Waste Nothing - We eat nearly every bit of our leftovers in soups, quiches and casseroles. We make stale bread into bread crumbs, old fruit into spice cake and we eat our oldest veg first to make sure it doesn't get wasted.   We don't return to the green market until we are down to eating tinned or frozen as a way of ensuring all the fresh veg gets used up. On the other hand, I'm aware that we could do more with the fish we buy, making fish stock; the same could be said of whole chickens or turkey stock. Fish based soups aren't something that appeals much to me, though I should at least try it once.  As to chicken or ham stock, as these contain animal fats.  So, in spite of their use making the food go further, I'm wondering if it doesn't run counter to the other health-based choices we try to make.    Does anyone ever consider this issue?

These don't happen in our house:

Buying Marked Down Damaged Goods - It is one of my pet peeves about British supermarkets that they don't feel the need to mark down any sort of damaged tin. I've yet to discover any place like the 'dented can' place I used to shop in Oklahoma City.  All I can do is try to ensure I get items with perfect packaging, as wonky tins can sometimes be difficult to open.

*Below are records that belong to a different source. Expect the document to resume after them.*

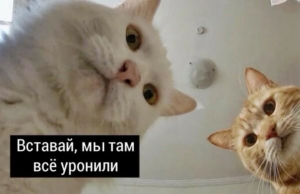 Как планы действий помогают нам работать с аварийными ситуациями в критических системах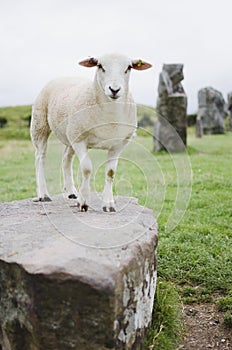 Sheep at avebury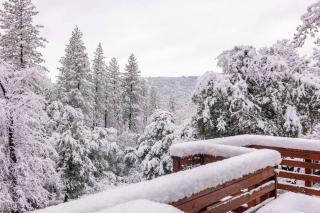 Mountain View, near Yosemite & Bass Lake, BBQ, Fireplace,EVC - 4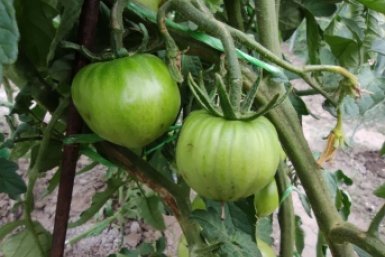 100 мл на ведро - и фитофтора не коснется томатов: мощный щит для вашего огорода в середине апреля ИА SakhalinMedia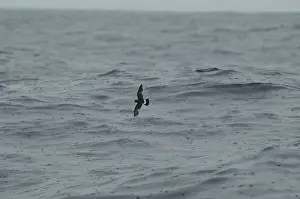 Scilly: Storm Petrel - in flight over waves in rain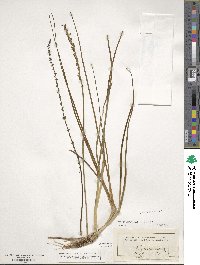 Triglochin maritima image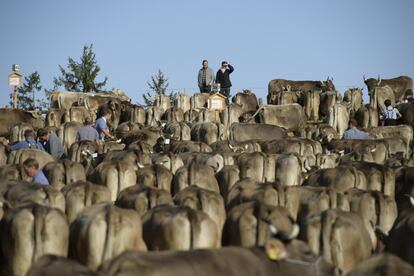 Varias personas observan unas vacas expuestas durante una feria del ganado en Schwellbrunn (Suiza).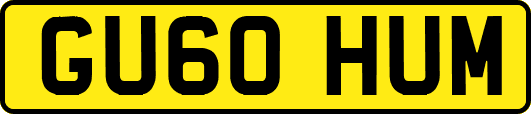 GU60HUM
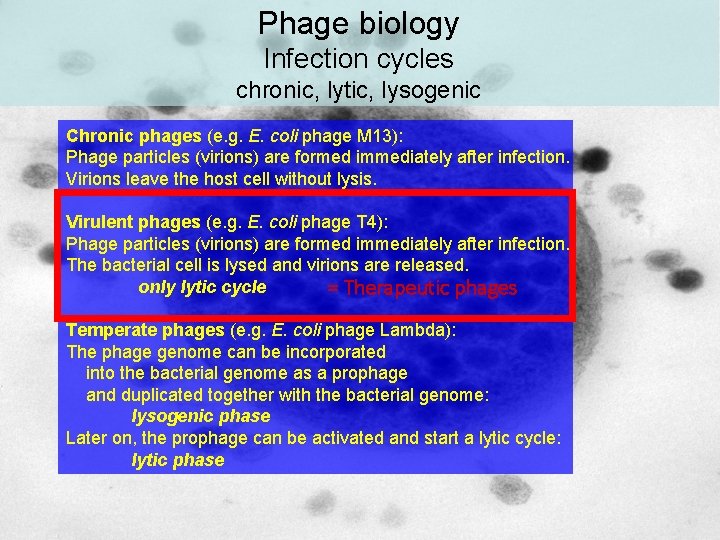 Phage biology Infection cycles chronic, lytic, lysogenic Chronic phages (e. g. E. coli phage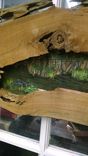Sold Swamp Art On Cypress Specimen 6 Foot Long!! 3 small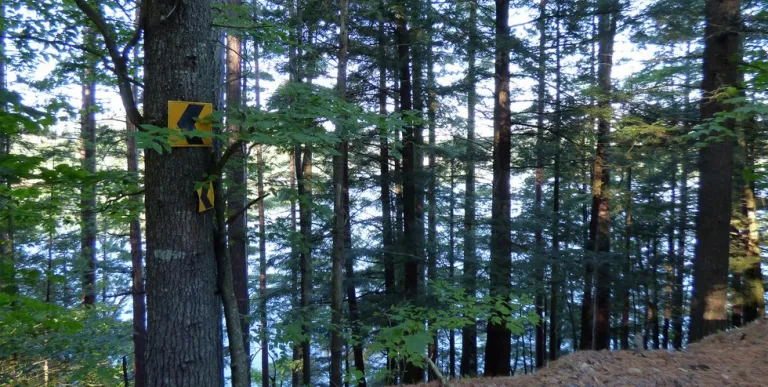 A pond seen through trees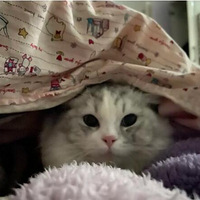 è�ڱ�����˯����û��ʲôΣ����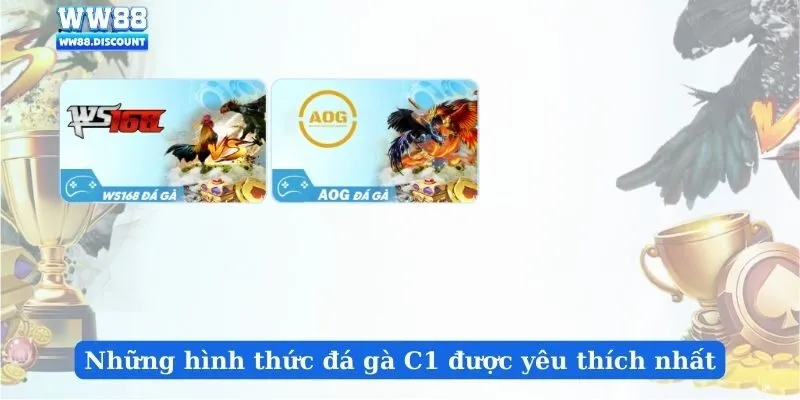 Những hình thức đá gà C1 được yêu thích nhất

Coupons - I rarely buy a newspaper and even when I do, I don't see coupons in them unless it has to do with money off a McDonald's meal or the like. I never used coupons much in the States, preferring to avoid the marked up convenience foods they were for. I can't recall ever seeing a coupon discounting a package of lentils or a litre of milk.

What strategies - if any - do you use to keep your food costs down?

Thursday, 16 February 2012

Slashing Your Grocery Bill - Part I

This was a title of a Tightwad Gazette article in the January 1991 issue.  I'm aware that our food bill has crept up to around £132 per month (the average for 2011) and after re-reading this article I can see some reasons why, in addition of course to the fact that food prices have actually increased a bit.  Amy recommended no fewer than 17 strategies, some of which we are quite good at, but not all.  I think we're pretty good at:




Buying Store/Generic Brands - Our main supermarket source has recently changed its generic packaging scheme (for who knows what reason), but until they did I would have said I had about the 'yellowest' shopping trolley in the store.  I've read and heard from too many sources that the packaging plants change the label, not necessarily the contents.  I always buy generic unless my experience tells me otherwise.  Recently Morrisons have started to stock only a limited amount of their generic brands, some of which are nearly half the price of the next best offer.  I will have to start shopping earlier in the day if I want the best crack at these bargains.

Free Food - We graciously gratefully accept all offers of free food and routinely pick blackberries when they are in season.   We did go pick some sloes, but I confess that they remain in the freezer until I get around to buying gin and figuring out which recipe to use.  (Suggestions welcomed!)  This gives us a crack at green beans, rhubarb, apples and, once, even gooseberries.

Preparing Foods from Scratch - On the rare occasion when we have custard, we make it from power not scratch and our Christmas puddings (sort of a fruit cake - Brits use the word 'pudding' like Yanks say 'dessert') come in a box.  I know it's also possible to make hot chocolate from cocoa, but I find the mix is cheaper than the ingredients.  Other than these exceptions I can't think of anything we don't make from scratch, e.g. if the recipe calls for a tin of cream of something soup, I make white sauce and add the something (or a substitute I have on hand).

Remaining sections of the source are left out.